If in 2010 a shop in Aberdeen was visited by police on account of its reportedly “racist” ABE t-shirts, will similar sentiments arise at this World Cup, spurred on by the independence referendum in September?
It is hard to say. My immediate sense is that the referendum, rather than creating a space in which all sorts of nationalist blather can ooze out, is actually showing it up for the silliness it always was. My impression – cybernats and former Secretary Generals of NATO notwithstanding – is that the debate about the referendum really has been about the issues and about politics, but also – and more inspiringly – about what sort of country we want to make and to live in. It is distinctly different to the drudgery and conspicuous lack of choice in a general election. In this context, in which the entire country is having a serious, engaged and optimistic conversation with itself about what it wants to be, ABE seems a remnant of a different age (just like those Labour governments). As my friend Ciaran said when I asked him about it, “my support for Independence comes less from a patriotic sense [than] a political perspective.” ABE has something of the pre-2008 crash about it, a negative (in the photographic sense) reflection of the boorish culture that surrounded the “golden”-WAGS-Eriksson (and, dare I say, it New Labour) generation of ten years ago. Today’s squad has largely moved on from those figures, and the ones that are left – Steven Gerrard, Frank Lampard – are the more introspective and palatable members. John Terry has retired from international football, David Beckham from all football, and there is not a robot dance to be seen. Instead we have “the Studge” and a host of much more likeable players – Danny Welbeck, Adam Lallana, Alex Oxlade-Chamberlain et al all seem like fine upstanding young gentlemen in comparison with the group that went to Baden-Baden in 2006.
That said, given that 2014 sees both the referendum in Scotland and a World Cup at which England – and not Scotland – will be present, one might be forgiven for expecting a resurfacing of ABE sentiments. While there are always going to be ironic cheers when this year’s Heskey hoofs a shot over the bar, I wouldn’t bet on an upsurge of nationalist-infused ABE. Part of the reason is because of the negative nature of the sentiment itself. As a friend said to me, “part of the reason that Scottish people often are so vehemently anti-English when it comes to sports is a perceived sense of entitlement and ludicrous degree of expectation that comes with every major tournament. Up until the last World Cup there was still a lot of talk about England being contenders. Now that expectations south of the border are so much lower, it’s difficult to generate as much bile – it’s just not as fun anymore.” No matter how many Clive Tyldesleys there are in the world, if the team they’re cheerleading are so conspicuously average, it’s hard to work up too much excitement about them.

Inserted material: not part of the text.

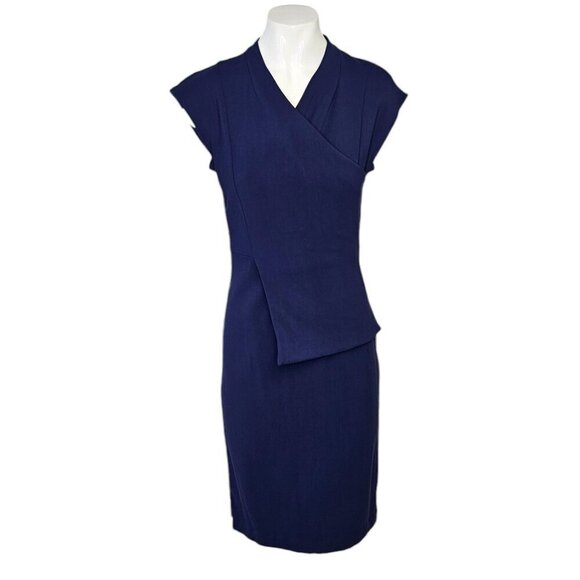 M.M. LaFleur Womens Drape Front Crossover Pencil Dress Blue Size 0 Stretch - Picture 1 of 8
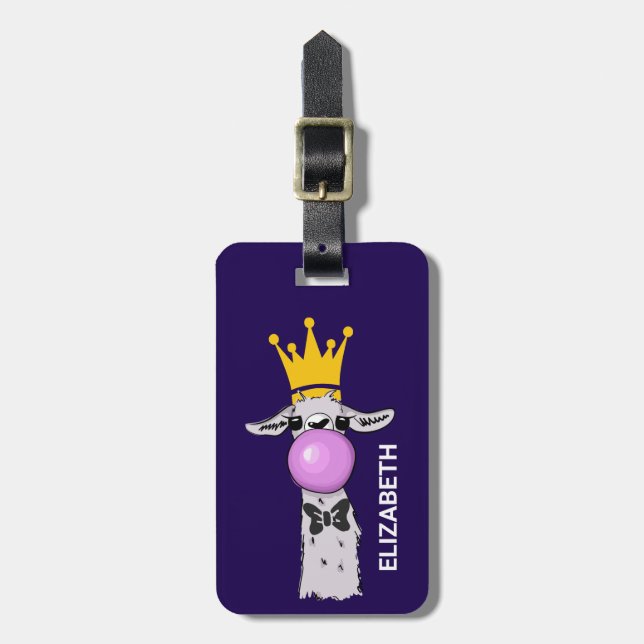 Funny Llama Illustration bläst eine rosa Blase Gepäckanhänger (Vorderseite vertikal)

The comparative muteness of ABE sentiment is also partly due to what Ciaran described as a “lack of general interest in international football.” Although he “can’t stop [himself] basking in their defeat,” his schadenfreude has “less vigour” because of this. If it’s always been the case for fans of the larger clubs, I think this lack of interest is increasingly the case for the average football fan too, for whom the international side of the game is pretty uninteresting and for whom a growing proportion of their football interest is devoted to worrying that their precariously-financed club gets its bit of the TV-and-advertising deal bonanza. This isn’t helped by the fact that the players themselves hardly seem bothered by it (no matter how many times they claim to be “proud to wear the shirt” and that “it’s a dream to represent your country”) and also by the impression that it is simply not the place where the best football can be seen. Fans support teams named after the city where their stadium is, but they watch a team made up of players from around the world. Globalization and capitalism are responsible not just for massive TV deals but also the decreasing importance of the nation state – and individual and collective identities connected to them – in general. If you don’t feel particularly English, then it’s hard to support a team whose whole identity is based on marshalling some sort of anachronistic Three Lions-St George sense of Englishness. And anyway, for many the Champions League is a better tournament than the World Cup.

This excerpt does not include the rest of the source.